CTC loss error after first epoch

I am training a character recognizer based on the Libri-speech dataset.

The input is the Mel-spectrogram shape --> tensor of size [10,1,512, 2000]
The labels shape --> tensor of size [10, 300]
The output shape --> tensor of size [1000, 10, 29]
input_lengths = [1000, 1000, 1000, 1000, 1000, 1000, 1000, 1000, 1000, 1000]
target_lengths = [300, 300, 300, 300, 300, 300, 300, 300, 300, 300]

Following a snapshot of the code

criterion_back = torch.nn.CTCLoss(blank=28)
output back_model(enhanced)
output = F.log_softmax(output, dim=2)
output = output.transpose(0, 1)
back_loss = criterion_back(output, label, input_lengths, target_lengths)
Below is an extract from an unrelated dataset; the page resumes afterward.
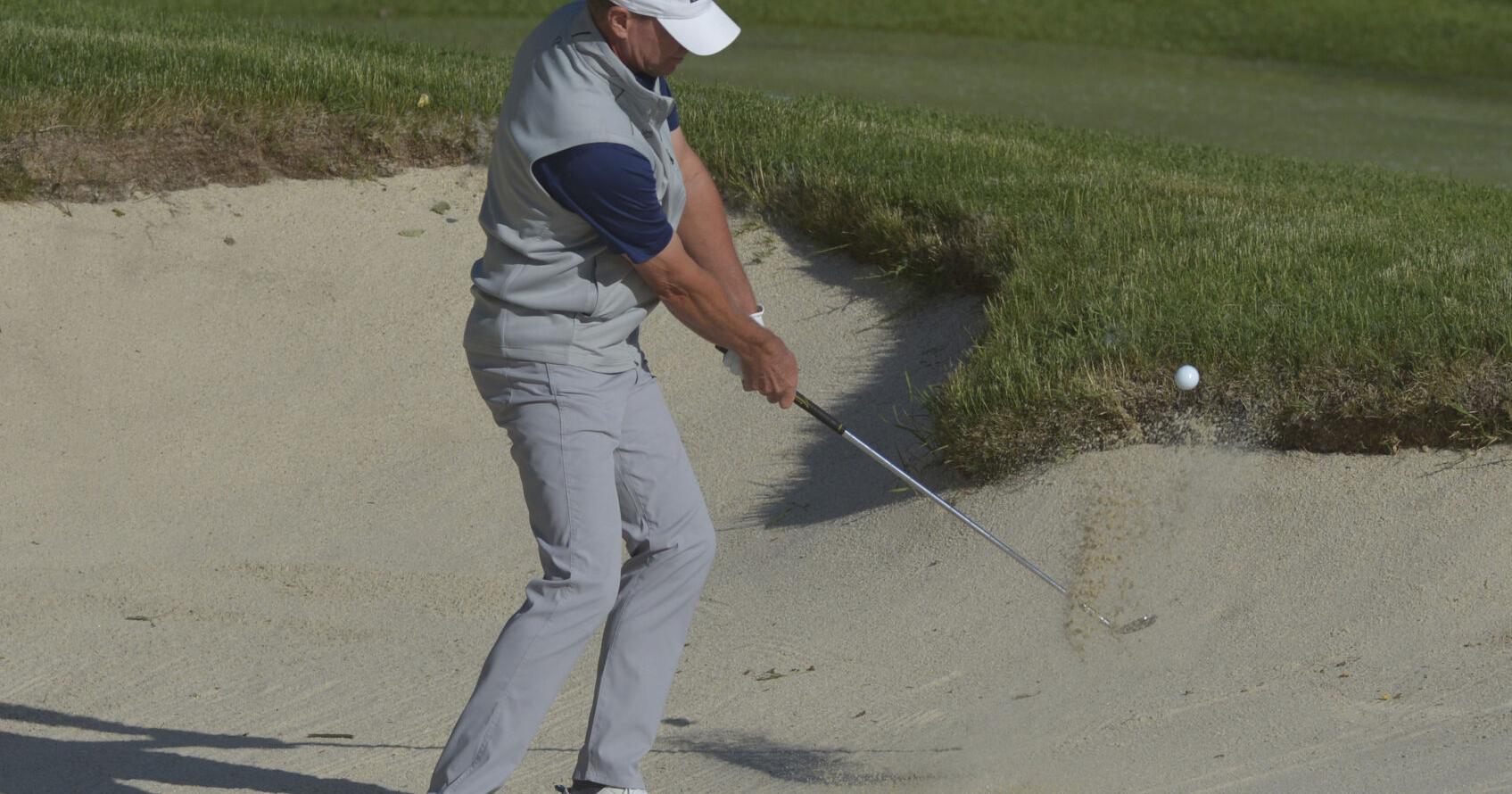 LIV Golf's Bland, in senior major debut, shares PGA lead - Vimarsana News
The problem is that at the beginning of the second epoch. I got this error:
Hint: The first epoch was done smoothly without any error this error happens when it starts the second epoch.

File "train.py", line 95, in <module>
    back_loss = criterion_back(output, label, input_length, target_length)
  File "/opt/conda/lib/python3.8/site-packages/torch/nn/modules/module.py", line 1110, in _call_impl
    return forward_call(*input, **kwargs)
  File "/opt/conda/lib/python3.8/site-packages/torch/nn/modules/loss.py", line 1714, in forward
    return F.ctc_loss(log_probs, targets, input_lengths, target_lengths, self.blank, self.reduction,
  File "/opt/conda/lib/python3.8/site-packages/torch/nn/functional.py", line 2559, in ctc_loss
    return torch.ctc_loss(
RuntimeError: input_lengths must be of size batch_size

Hi @Mohamed_Nabih, according to the CTCLoss documentation, the shape of output is [time, batch, num_class]. In your case, the shape of output is [1000, 10, 29]. 1000 is the number of frame and 10 is the batch size, so you don’t need to apply output = output.transpose(0, 1) after log_softmax.

Can you try with removing the transpose line?